27#LBAS1

2.4K 314 16
                                    

Shane sedang duduk di lantai kurungan sel di kantor polisi, setelah pihak keamanan rumah sakit membawanya ke sana karena melakukan pengancaman menggunakan senjata api. Polisi menahan Shane dan menunggu pihak keluarganya datang untuk mengurus perbuatan kriminalnya tersebut.

Kedua tangan Shane tengah diborgol saat ini. Ia hanya melamun duduk di lantai kurungan sel dan pandangannya tampak menatap kosong ke depan.

"Itu putraku. Aku ingin kau mengurus uang jaminannya agar putraku tidak dipenjara seperti itu. Aku ingin ia dibebaskan" nyonya Alba memandangi Shane tak jauh dari kurungan sel tersebut. Beliau memerintahkan pengacaranya agar membebaskan Shane.

"Serahkan padaku nyonya Walker. Kau jangan khawatir, karena putramu tidak melukai siapapun. Pasti mudah untuknya terhindar dari hukuman penjara" ujar pengacara nyonya Alba.

"Kalau begitu, cepat kau bebaskan putraku!" tekan nyonya Alba. Tanpa basa-basi lagi pengacara tersebut segera menemui petugas kepolisian yang menangani tindakan kriminal Shane.

'Alfie sudah membuat Shane terlihat seperti bukan putraku' batin nyonya Alba yang geram pada Alfie dan sedih melihat Shane tampak memendam banyak konflik batin dalam dirinya. Ini pertama kalinya nyonya Alba melihat putranya terlihat berantakan seperti ini. "Alfie tampaknya sudah meracuni pikiran putraku!" geram nyonya Alba yang menyalahkan Alfie atas perbuatan putranya.

"Hei, kau! Bangun dan keluarlah" seru salah satu polisi yang membuka kurungan sel tersebut.

Perlahan Shane menolehkan wajahnya pada polisi tersebut. Ia pun segera bangkit berdiri dan berjalan keluar dari dalam sel. Polisi tersebut membuka kunci borgol pada pergelangan tangan Shane dan mengantarnya bertemu pada ibundanya.

"Shane?" nyonya Alba bangkit berdiri dari atas kursi dan segera memeluk putranya tersebut. "Apa kau baik-baik saja, nak?" ibunda Shane tampak khawatir dan sedih memandangi wajah Shane. Beliau memegangi wajah putranya.

"Mau apa ibu kemari?" Shane menepis tangan nyonya Alba dengan kasar karena ia masih memendam rasa amarah pada ibundanya.

"Apa maksudmu, Shane? Tentu saja ibu kemari untuk menjemputmu" jawab ibundanya berusaha untuk tetap tenang.

"Seharusnya ibu tak perlu repot-repot untuk membebaskanku.
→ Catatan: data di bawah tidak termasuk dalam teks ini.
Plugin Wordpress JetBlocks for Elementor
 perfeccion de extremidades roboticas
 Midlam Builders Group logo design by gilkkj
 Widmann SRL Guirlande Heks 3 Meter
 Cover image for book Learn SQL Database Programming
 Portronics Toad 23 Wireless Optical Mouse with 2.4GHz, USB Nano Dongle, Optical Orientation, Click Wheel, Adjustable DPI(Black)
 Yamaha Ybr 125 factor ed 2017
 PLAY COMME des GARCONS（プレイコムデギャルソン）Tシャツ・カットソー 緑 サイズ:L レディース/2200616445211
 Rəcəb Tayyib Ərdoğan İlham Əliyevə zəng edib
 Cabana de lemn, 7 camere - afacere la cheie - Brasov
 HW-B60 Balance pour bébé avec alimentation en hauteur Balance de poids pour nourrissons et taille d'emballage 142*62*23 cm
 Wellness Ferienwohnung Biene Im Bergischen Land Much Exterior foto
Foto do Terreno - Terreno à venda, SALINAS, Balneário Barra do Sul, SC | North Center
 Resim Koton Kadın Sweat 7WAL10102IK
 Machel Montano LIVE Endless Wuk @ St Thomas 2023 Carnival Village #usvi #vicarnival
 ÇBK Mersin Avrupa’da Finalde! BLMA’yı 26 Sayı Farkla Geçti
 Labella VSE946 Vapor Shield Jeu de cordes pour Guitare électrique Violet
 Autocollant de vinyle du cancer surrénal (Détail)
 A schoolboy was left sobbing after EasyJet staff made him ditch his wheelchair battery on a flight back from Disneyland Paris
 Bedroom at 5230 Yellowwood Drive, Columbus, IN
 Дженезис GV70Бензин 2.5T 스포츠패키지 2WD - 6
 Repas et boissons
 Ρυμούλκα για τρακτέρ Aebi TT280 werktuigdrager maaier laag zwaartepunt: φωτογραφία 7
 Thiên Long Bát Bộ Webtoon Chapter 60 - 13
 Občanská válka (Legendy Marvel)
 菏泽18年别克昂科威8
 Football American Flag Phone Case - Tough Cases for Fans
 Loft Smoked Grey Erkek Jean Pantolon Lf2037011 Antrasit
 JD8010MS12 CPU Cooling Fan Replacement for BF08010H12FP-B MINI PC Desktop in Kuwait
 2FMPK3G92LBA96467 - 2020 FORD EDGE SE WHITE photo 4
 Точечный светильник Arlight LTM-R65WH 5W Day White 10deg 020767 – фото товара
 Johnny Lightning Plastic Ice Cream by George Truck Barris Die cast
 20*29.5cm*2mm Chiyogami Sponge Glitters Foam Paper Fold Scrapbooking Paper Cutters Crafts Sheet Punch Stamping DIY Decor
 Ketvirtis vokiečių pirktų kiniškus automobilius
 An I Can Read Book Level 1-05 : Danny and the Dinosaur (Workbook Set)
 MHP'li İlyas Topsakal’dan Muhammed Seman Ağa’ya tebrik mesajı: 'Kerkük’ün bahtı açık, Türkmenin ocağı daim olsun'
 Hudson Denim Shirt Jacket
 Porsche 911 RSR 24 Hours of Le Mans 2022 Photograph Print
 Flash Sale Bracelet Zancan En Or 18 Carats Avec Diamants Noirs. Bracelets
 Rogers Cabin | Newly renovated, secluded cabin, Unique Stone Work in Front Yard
Karena penjara lah tempat yang benar-benar tepat untukku saat ini" ujar Shane dengan tatapan dingin.

"Tidak, Shane. Itu tidak benar. Ibu tidak ingin kau berada ditempat menyedihkan seperti itu" nyonya Alba berusaha membuat Shane mengerti rasa kesedihannya.

"Tapi ibu memperlakukanku layaknya seorang tahanan sakit jiwa diluar sana!" Shane meninggikan nada suaranya.

"Shane..."

Shane pun langsung berlalu dari hadapan ibundanya karena merasa muak. Tak mungkin juga untuk dirinya kembali menemui Alfie.

Shane memilih untuk pergi ke hutan tempat yang biasa ia kunjungi bersama Alfie walaupun hari sudah beranjak gelap. Dirinya duduk diujung jembatan yang menjorok ke danau. Kali ini ribuan cahaya kunang-kunang menerangi permukaan air danau tersebut.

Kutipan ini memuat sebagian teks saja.